In a second main argument, Blackman contended that a 32-flight limit was reasonable because hundreds of lawsuits brought against the city by nearby homeowners cite the number of flight “intrusions,” not average noise, as a reason for legal action.

While the averaging of all noise provides an effective gauge by which noise can be limited, “it is not the whole story,” Blackman said. “It doesn’t tell you how many times (classroom) teaching has been interrupted . . . or barbecues in the backyard have been interrupted.”


‘Other Inadequacies’

Airline attorneys, however, said that Blackman’s intrusion argument was without support in law, and the judge seemed to agree.

Waters specifically cited that fact, as well as the city’s refusal to switch runway use for private jets and “other inadequacies” in the new ordinance in refusing to implement it.

He said the ordinance “obviously is going . . . to require a lot of study” and is not yet a reasonable balance between the interests of Long Beach and national transportation needs.


Blackman said the city will have to wait until Waters rules--probably within a week--on the airlines’ request for more flights before deciding what to do next.

Attorneys for the airlines said Waters’ ruling on Monday was easier than the one still facing him. If he allows more flights, he must decide which airlines will get them, or turn that decision over to the Long Beach council for resolution.

Most airline lawyers, frustrated by what they see as Long Beach’s go-slow tactics in the case, asked Waters to make the allocation himself. “Anytime we have referred anything to the city for study it has become a black hole of resolution,” said attorney John Lyons of America West.

Allocation of Flights


The new ordinance says that the city should allocate all new flights to airlines not now serving the airport. The city task force, however, recommended that the first eight flights go to new airlines and the next seven to those already at the airport.

The various airlines have begun arguing over the allocation of the flights, with several jockeying for advantage by flying quieter jets in Long Beach.

Attorneys for new-entrant airlines Western, Air California and America West asked Waters for the eight additional flights, while current carriers--Jet America, United, Alaska, American and PSA--said they should not be shut out of the new allocations.

Alaska and PSA, in particular, said they were taking steps that could significantly decrease airport noise and should be rewarded for their efforts.


Alaska’s continued use of a noisy Boeing 727 has been a sore point with the city for years, but with airline operations under court control, the City Council has been powerless to force the old plane out.

Quieter Aircraft

Alaska will replace the plane with a much quieter, modern aircraft after Monday, said its attorney George Juarez. And other lawyers argued that without the 727, the airport could immediately add eight flights by much quieter planes without exceeding state noise limits for residential areas.

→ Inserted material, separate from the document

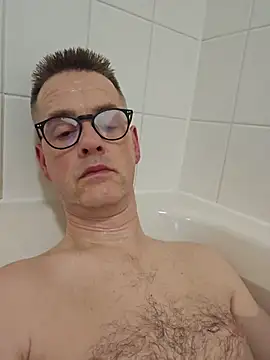 Hectorthyssen1 online show from 02/11/26, 07:41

A PSA spokesman, meanwhile, said that airline has begun flying the BAe-146 into the Long Beach Airport once a day to demonstrate to the city the type of quiet airliner it could operate here if given the incentive to do so. The small, 85-passenger, British-built airplane is so quiet it sometimes does not trigger noise-monitoring equipment at John Wayne Airport in Orange County, airport officials there have said.


If Waters does not take into account such efforts when awarding new flights, “there will be absolutely no incentive for us to try to bring our own quiet aircraft into the community,” said PSA’s Dennis O’Dell.

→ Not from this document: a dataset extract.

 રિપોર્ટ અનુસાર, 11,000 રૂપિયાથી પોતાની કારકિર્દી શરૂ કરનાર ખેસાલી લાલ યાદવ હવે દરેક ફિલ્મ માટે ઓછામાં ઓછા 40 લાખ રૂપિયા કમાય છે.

With greatly increased use of the BAe-146 and the quiet Boeing 737-300, flights at John Wayne have increased from 41 to 87 in 16 months, while average noise has decreased, officials there said. Nearly all of the current flights at Long Beach are with 150-passenger MD-80s by Douglas Aircraft Co.

61 Daily Flights

Richard Sherman, attorney for Air Cal, said Long Beach Airport could accommodate 61 daily flights with MD-80s or 101 by 737-300s without exceeding noise levels for residential neighborhoods. The city task force, however, said that a maximum of 41 flights could be operated within noise limits regardless of the mix of aircraft.